Говорят, есть река, нельзя переправиться [через нее];
Ты же не думам, что тебе не переправиться:
Если [не] думаешь, то ты переправишься!
Если не будет при той переправе тревоги,
То на другой стороне той реки
Тебя готовы встретить повозки и юрты!
[13, с. 230–231]
Казалось бы, Джучи, уже имевший в уделе кипчакские земли (восточный Дешт) и занятый задачей административного оформления и дальнейшей их адаптацией в государственной системе Монгольской империи, получил новое задание по дальнейшему продвижению на запад. В этом случае представляется вполне реальным предположение, по которому «непроходимый перевал», о котором говорил Боорчу, — это не что иное, как перевал через Уральские горы, а река, через которую «нельзя переправиться», — это Яик, бывший в эпоху Средневековья гораздо более многоводным, чем в наши дни [41] О многоводности Яика упоминает Ибн Фадлан (X в.) [1, с. 235] и Низам ад-Дин Шами (XIV в.) [17, 296].
. Следовательно, под народом, который защищал переправу через эту реку и перевал через эти горы, необходимо подразумевать башкир [1, с. 144–145]. Однако Чингис-хан, судя по тексту «Алтай Тобчи», отправил Джучи не куда-нибудь, а в уже « захваченную землю». Как известно, монголы Южного Урала хотя и достигли, но не захватили, а значит, под перевалом и рекой можно подразумевать какие угодно географические области Евразии, но отнюдь не Яик или Уральские горы.
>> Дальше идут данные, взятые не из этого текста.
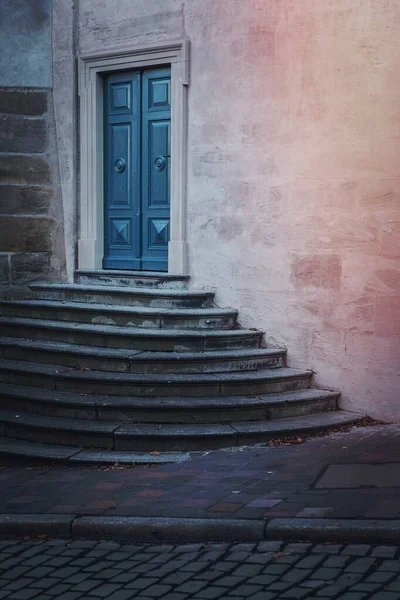 Blaue Tür Auf Einer Kleinen Treppe — Stockfoto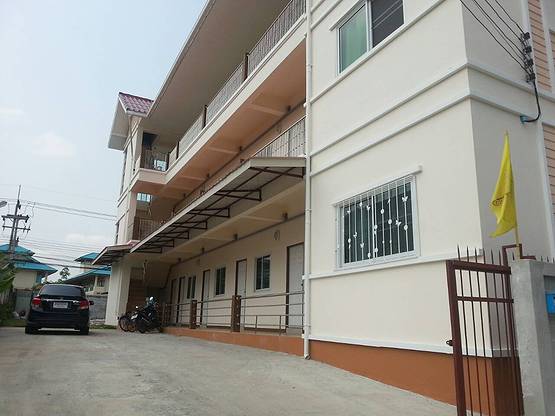 Condo — photo 1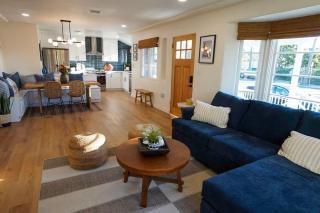 Sunset View home 2 min walk to beach parking - 7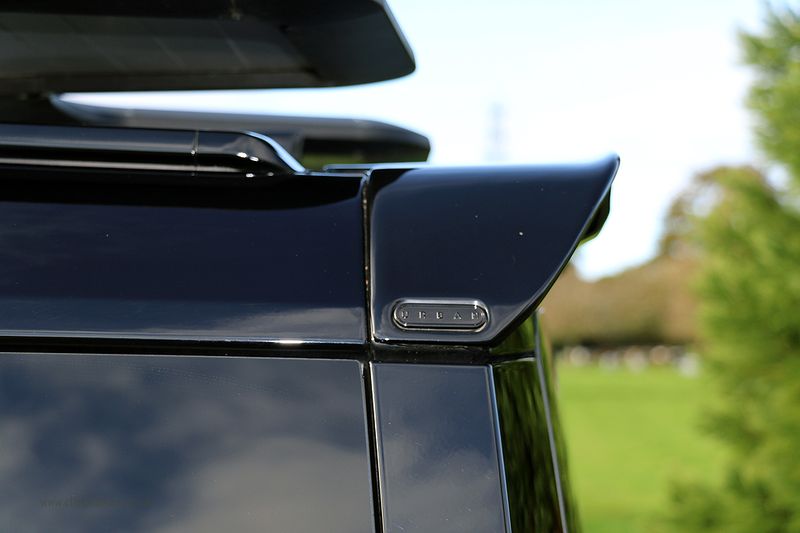 Landrover Defender D250 SE Urban Design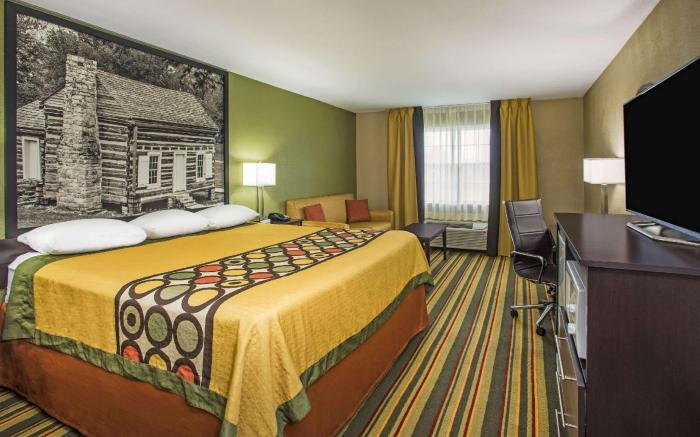 Super 8 By Wyndham Paragould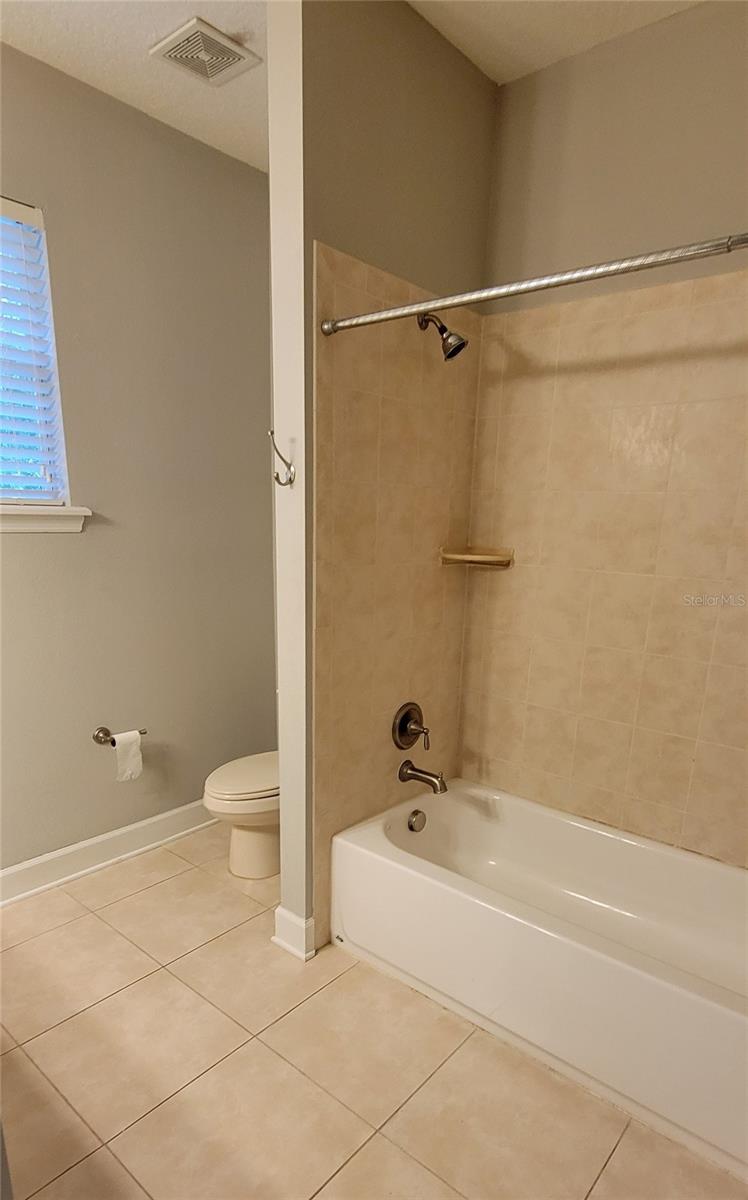 HILLCREST HEIGHTS 2ND ADD - Residential Lease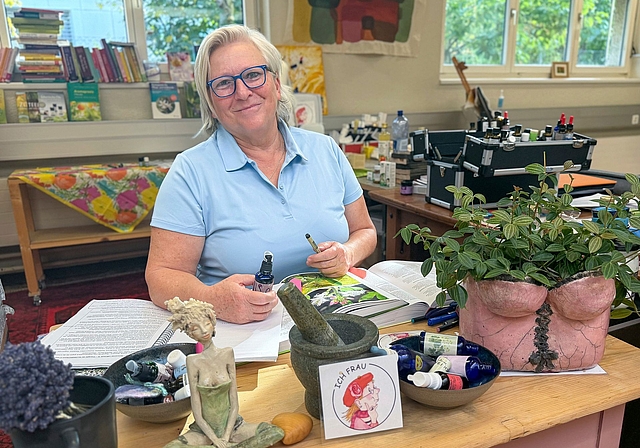 Bernadetta «Beno» Ries in ihrer Praxis in Bonstetten. (Bild Deviprasad Rao)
Более того, сам Джучи, выслушав наставление Боорчу, высказал недоумение:
Когда… владыка сказал, чтобы ты наставлял [меня],
То я ждал, что ты скажешь, как дойти до народа еще неизвестного,
Как собрать воедино народ, еще не собранный,
Как расширитъ свои земли,
А ты наставляешь меня, как управлять народом, уже собранным,
Как потреблять уже приготовленную пищу —
Этому ты наставляешь меня!
[13, с. 231]
Далее в полемику между «маршалом» и огланом вступил сам Чингис-хан, подтверждая наше предположение о назначении Джучи в земли, уже завоеванные в ходе монгольской экспансии.
«И еще Чингис-хан преподал наставление:
В чем согласие между отцом и сыном?
Ведь не тайком отправляю я тебя [так] далеко,
[А для того,] чтобы ты управлял тем, чем я овладел,
Чтобы ты сохранил то, над чем я трудился [42] Буквально: «перенесенные [труды] мои сбереги (сохрани)» [13, с. 232].
.
Отделяю тебя, чтобы стал ты опорою
Половины моего дома и половины моей особы».
[13, с. 231–232]
Тем не менее с Джучи, обремененного ныне ответственностью за полученные в управление земли, давнего отцовского распоряжения относительно завоевания «северных стран» (т. е. расположенных севернее Дешт-и-Кипчака), «как то: Келар, Башгирд, Урус…» [41, с. 78–79], никто не снимал, а сам царевич, по-видимому, на этот счет ожидал отдельных указаний: «как дойти до народа, еще не известного (в данном случае непокоренного. — В.3 .» [13, с. 231]. И указания эти были получены, но не лично Джучи, а его советником Мунгэту-багатуром, которому Чингис-хан отдал следующие распоряжения:
Мунгэту, я посылаю тебя!
Надев свою расшитую бисером шапку,
Вытянув ноги в железных стременах,
Ты оставайся [там], пока не прославишь небо и землю!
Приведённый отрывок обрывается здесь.